[Captioned web image data]
━━━

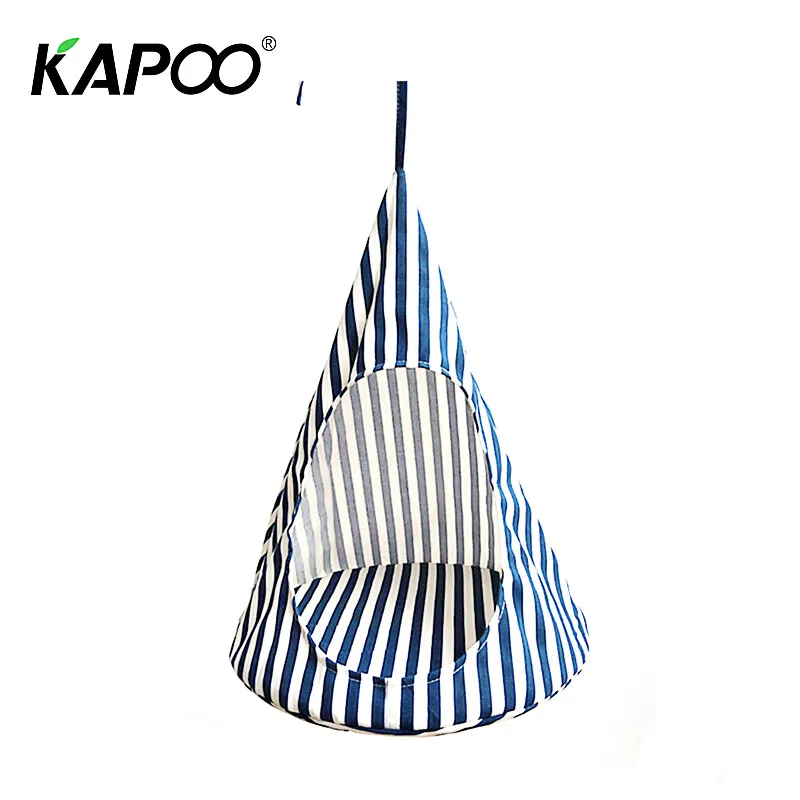 Latest Design 2pcs Linen Material Pet Dog Cat House Hammock Hanging Cone Beds Puppy Dog Cat Living Nest House Safe Comfortable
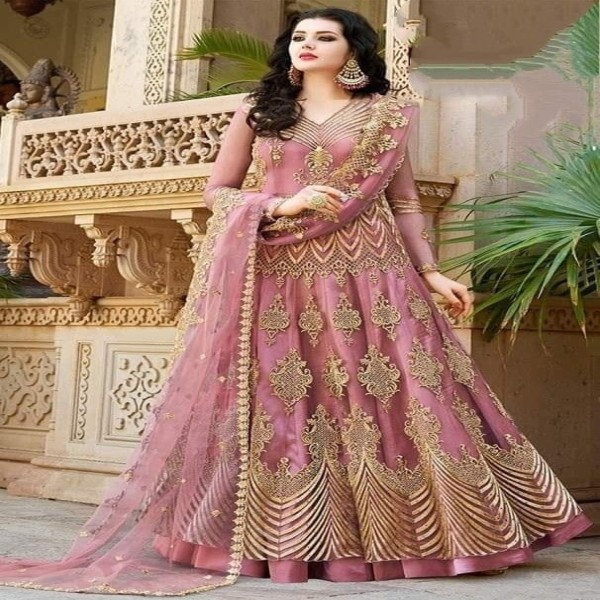 Georgette Embroidary Party Wear three peace 104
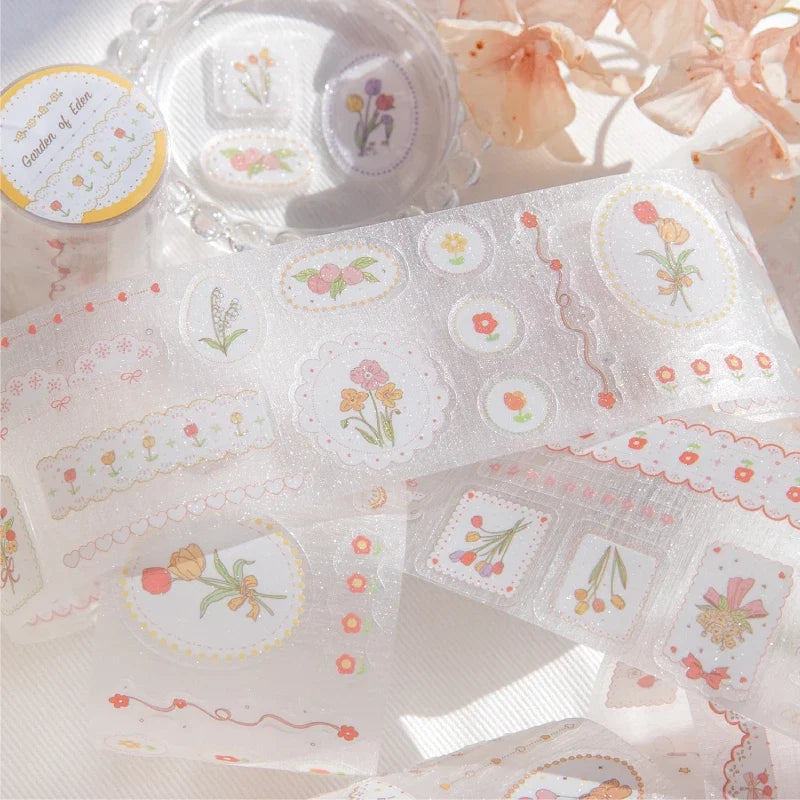 Journal GO Dessert Strawberry Washi Tape Set | Scrapbooking and Journaling Masking Tape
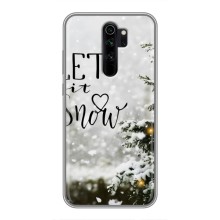 Новогодние, Праздничные Чехлы для Xiaomi Redmi Note 8 Pro - 2024 год (Let it snow)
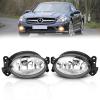 TangMiGe Fog Lights for Mercedes Benz C250 C350 CLS500 E320 E350 E550 G550 G55/G63/G65/R63/SL55 AMG GL320 GL450 GL550 ML320 ML350 ML450 ML550 R320 R500 SL500 SL600 2006-2015, 2PCS, Clear Lens view 1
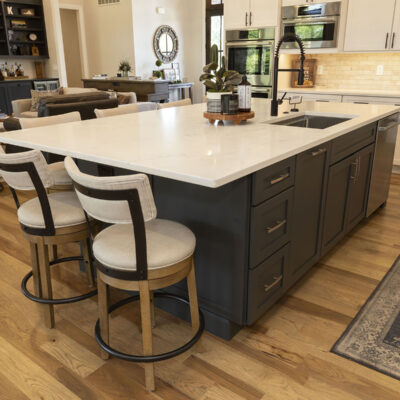 Large Kitchen Island with Seating and Working Sink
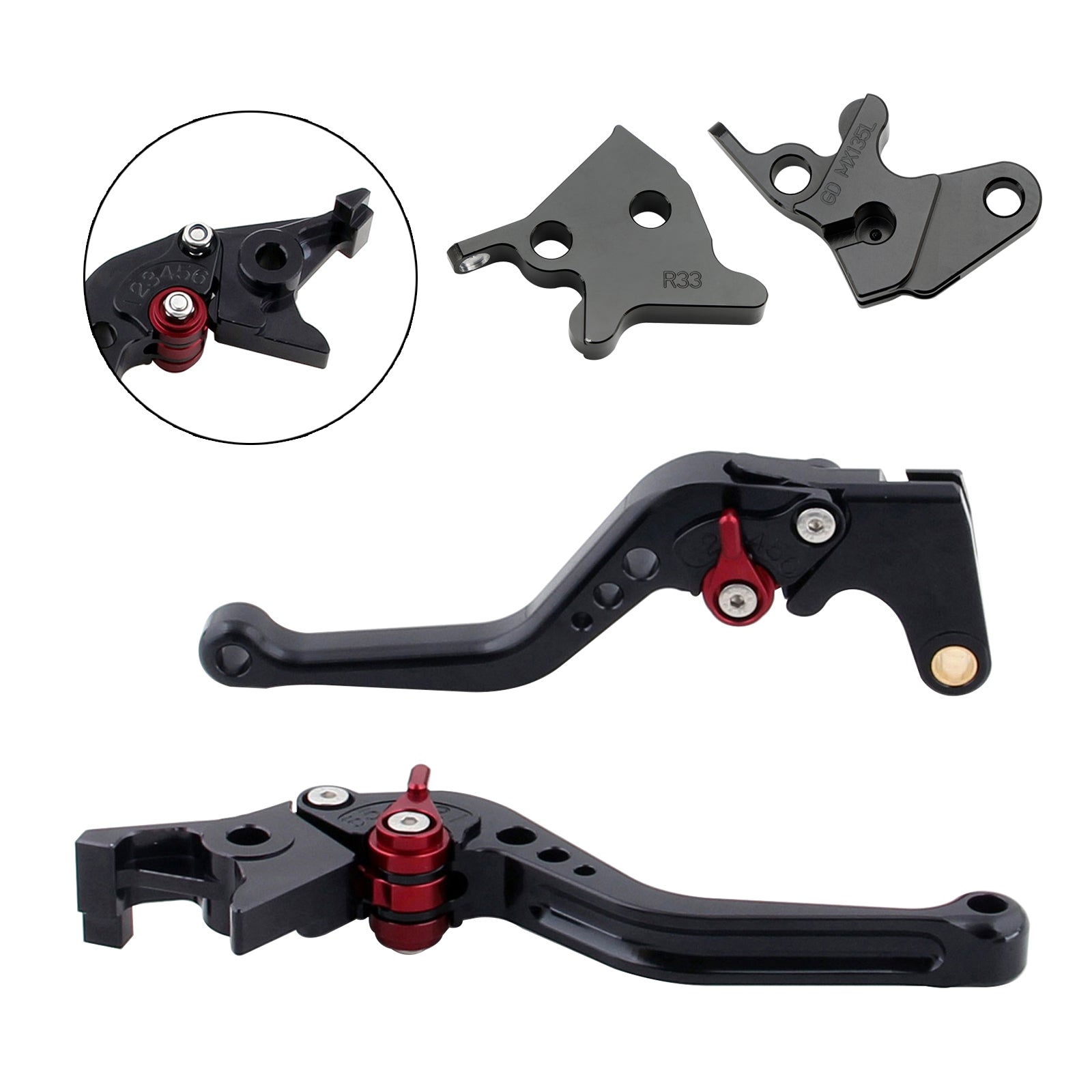 Yamaha YBR125 2005-2014 Nouveau levier de frein à embrayage court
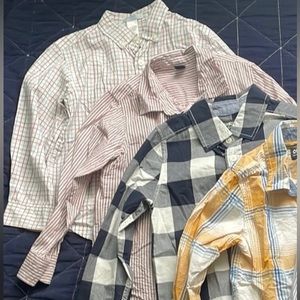 Lot of size 4 boys button down shirts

━━━

** Task requirements **
Your copy should restate every record word for word and contain no pictures.

** Response area **
 Latest Design 2pcs Linen Material Pet Dog Cat House Hammock Hanging Cone Beds Puppy Dog Cat Living Nest House Safe Comfortable
 Georgette Embroidary Party Wear three peace 104
 Journal GO Dessert Strawberry Washi Tape Set | Scrapbooking and Journaling Masking Tape
 Новогодние, Праздничные Чехлы для Xiaomi Redmi Note 8 Pro - 2024 год (Let it snow)
 TangMiGe Fog Lights for Mercedes Benz C250 C350 CLS500 E320 E350 E550 G550 G55/G63/G65/R63/SL55 AMG GL320 GL450 GL550 ML320 ML350 ML450 ML550 R320 R500 SL500 SL600 2006-2015, 2PCS, Clear Lens view 1
 Large Kitchen Island with Seating and Working Sink
 Yamaha YBR125 2005-2014 Nouveau levier de frein à embrayage court
 Lot of size 4 boys button down shirts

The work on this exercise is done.